A trial of imaging selection and endovascular treatment for ischemic stroke

Chelsea S Kidwell, Reza Jahan, Jeffrey Gornbein, Jeffry R Alger, Val Nenov, Zahra Ajani, Lei Feng, Brett C Meyer, Scott Olson, Lee H Schwamm, Albert J Yoo, Randolph S Marshall, Philip M Meyers, Dileep R Yavagal, Max Wintermark, Judy Guzy, Sidney Starkman, Jeffrey L Saver, MR RESCUE Investigators

Abstract

Background: Whether brain imaging can identify patients who are most likely to benefit from therapies for acute ischemic stroke and whether endovascular thrombectomy improves clinical outcomes in such patients remains unclear.

Methods: In this study, we randomly assigned patients within 8 hours after the onset of large-vessel, anterior-circulation strokes to undergo mechanical embolectomy (Merci Retriever or Penumbra System) or receive standard care. All patients underwent pretreatment computed tomography or magnetic resonance imaging of the brain. Randomization was stratified according to whether the patient had a favorable penumbral pattern (substantial salvageable tissue and small infarct core) or a nonpenumbral pattern (large core or small or absent penumbra). We assessed outcomes using the 90-day modified Rankin scale, ranging from 0 (no symptoms) to 6 (dead).

Results: Among 118 eligible patients, the mean age was 65.5 years, the mean time to enrollment was 5.5 hours, and 58% had a favorable penumbral pattern. Revascularization in the embolectomy group was achieved in 67% of the patients. Ninety-day mortality was 21%, and the rate of symptomatic intracranial hemorrhage was 4%; neither rate differed across groups. Among all patients, mean scores on the modified Rankin scale did not differ between embolectomy and standard care (3.9 vs. 3.9, P=0.99). Embolectomy was not superior to standard care in patients with either a favorable penumbral pattern (mean score, 3.9 vs. 3.4; P=0.23) or a nonpenumbral pattern (mean score, 4.0 vs. 4.4; P=0.32). In the primary analysis of scores on the 90-day modified Rankin scale, there was no interaction between the pretreatment imaging pattern and treatment assignment (P=0.14).

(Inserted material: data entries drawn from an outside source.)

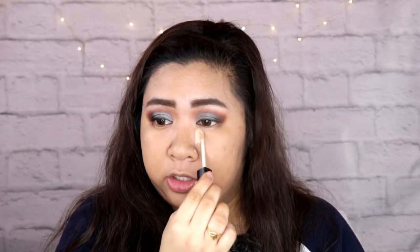So ang gagawin ko for my concealer — recently ko lang nalaman na mas maganda pala na pag magko-concealer ka, dito mo lang siya ilagay. Nalaman ko to kay Arby Changko — if you don't know him, makeup artist siya. Mostly ABS-CBN celebrities ang hawak niya. Dito lang niya nilalagay yung concealer, tapos ibe-blend niya lang. Make sure you blend the nose really, really well. Ayaw mo naman na literal na nose line ang nakalagay dyan sa ilong mo.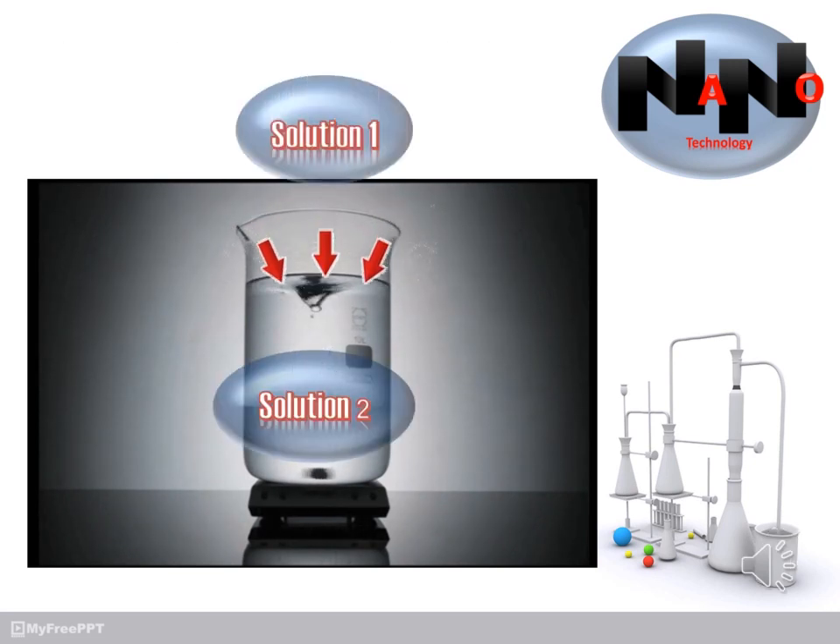After obtaining Solution 1 and Solution 2, you should add Solution 1 dropwise and slowly to Solution 2. The product solution was vigorously stirred for four hours at room temperature. Finally, you will get a brownish colloidal solution of silver.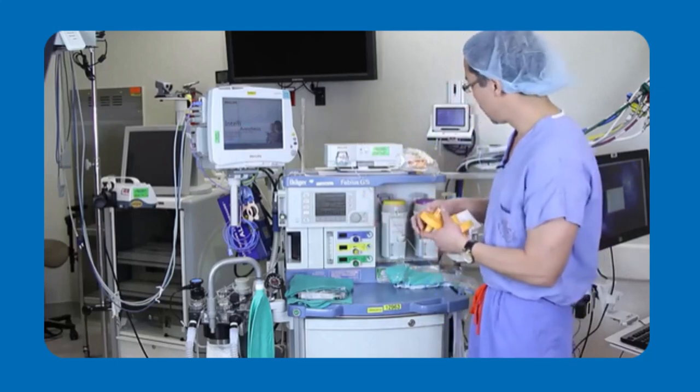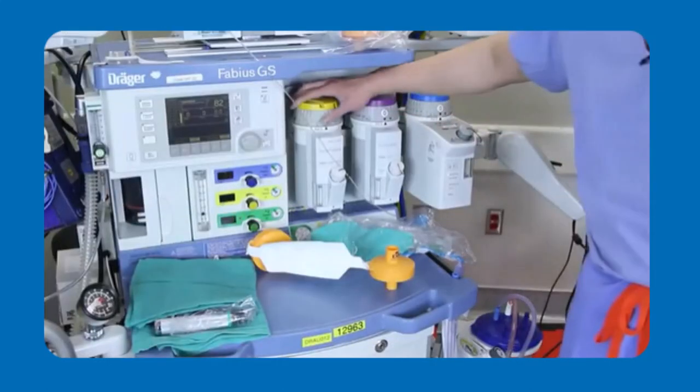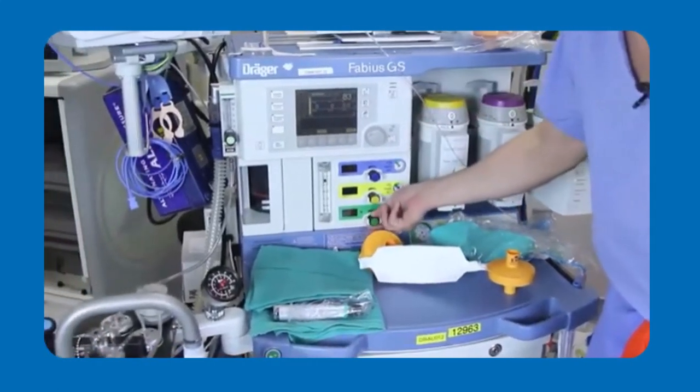In addition to that, to decrease the amount of triggering agent that your patient is exposed to, turn off the anesthetic immediately and turn your fresh gas flows up to greater than 10 liters per minute.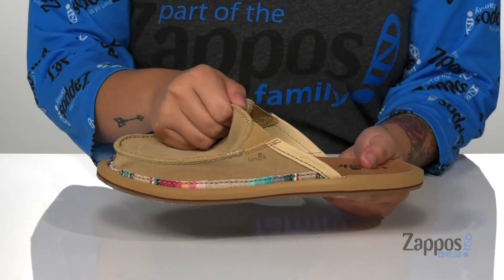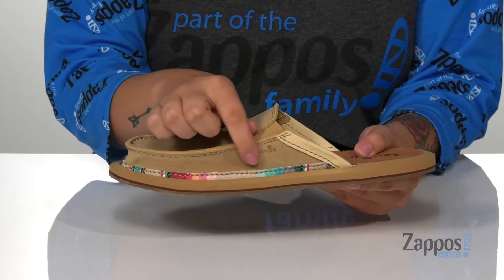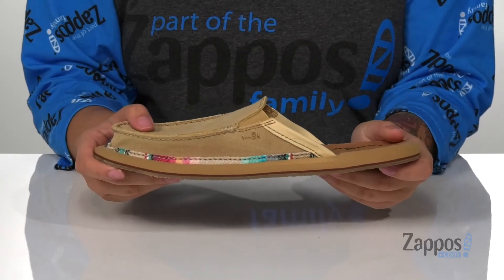There are stretch panels to help give a perfect fit, and I absolutely love that trim of color on the top of that midsole — it really adds some fun to these. And that midsole does have flexibility to it, so you can step with ease.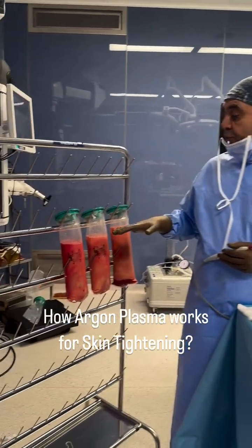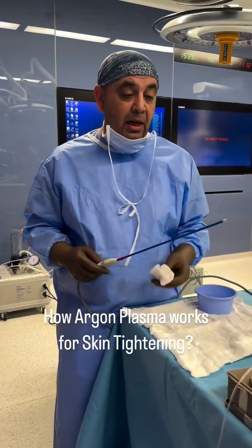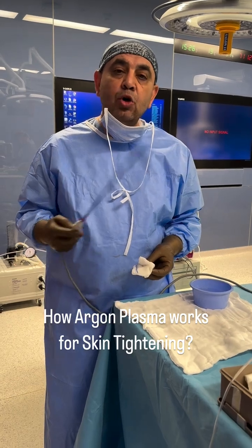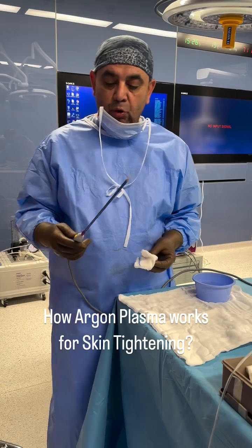I did 4.5 liters of razor liposuction and then applied argon plasma for skin tightening. Let me show you the working principle of argon plasma.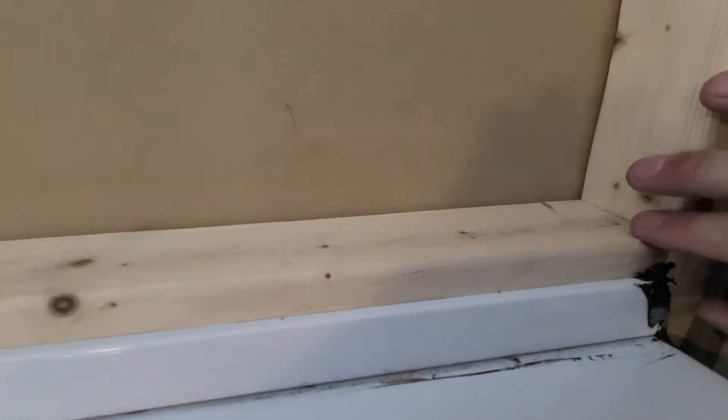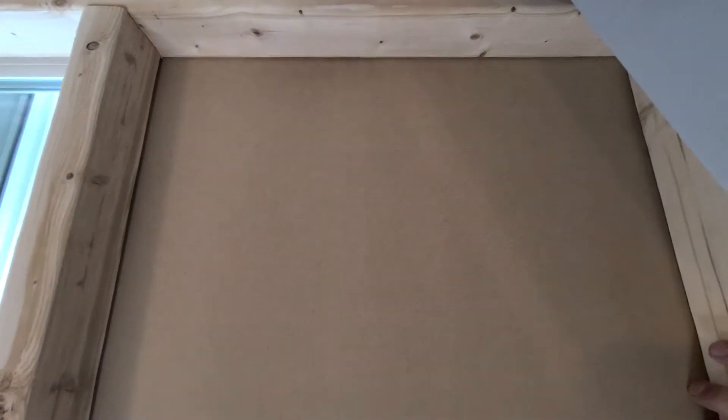Drilled pilot holes, then added another board the height of the air conditioner. I got a board here, nailed it on the outside and painted it white so it doesn't look too crappy.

Conclusions: A favorable penumbral pattern on neuroimaging did not identify patients who would differentially benefit from endovascular therapy for acute ischemic stroke, nor was embolectomy shown to be superior to standard care. (Funded by the National Institute of Neurological Disorders and Stroke; MR RESCUE ClinicalTrials.gov number, NCT00389467.).

Figures

Figure 1. Enrollment and Outcomes
Figure 1. Enrollment and Outcomes
The abbreviation t-PA denotes tissue plasminogen activator.
Figure 2. Functional Outcome at 90 Days…
Figure 2. Functional Outcome at 90 Days in Four Subgroups of Patients, According to Score on the Modified Rankin Scale
Shown are 90-day modified Rankin scores in patients undergoing embolectomy or receiving standard medical care for the treatment of acute ischemic stroke with a favorable penumbral pattern (substantial salvageable tissue and small infarct core) or a nonpenumbral pattern (large core or small or absent penumbra), after adjustment for age. The percentages of patients are shown in or above each cell. The modified Rankin scale ranges from 0 to 6, with higher scores indicating increased disability. Among all patients, mean modified Rankin scores did not differ between embolectomy and standard medical care (3.9 vs. 3.9, P = 0.99). Embolectomy was not superior to standard medical care in patients with either a favorable penumbral pattern (mean score, 3.9 vs. 3.4; P = 0.23) or a nonpenumbral pattern (mean score, 4.0 vs. 4.4, P = 0.32).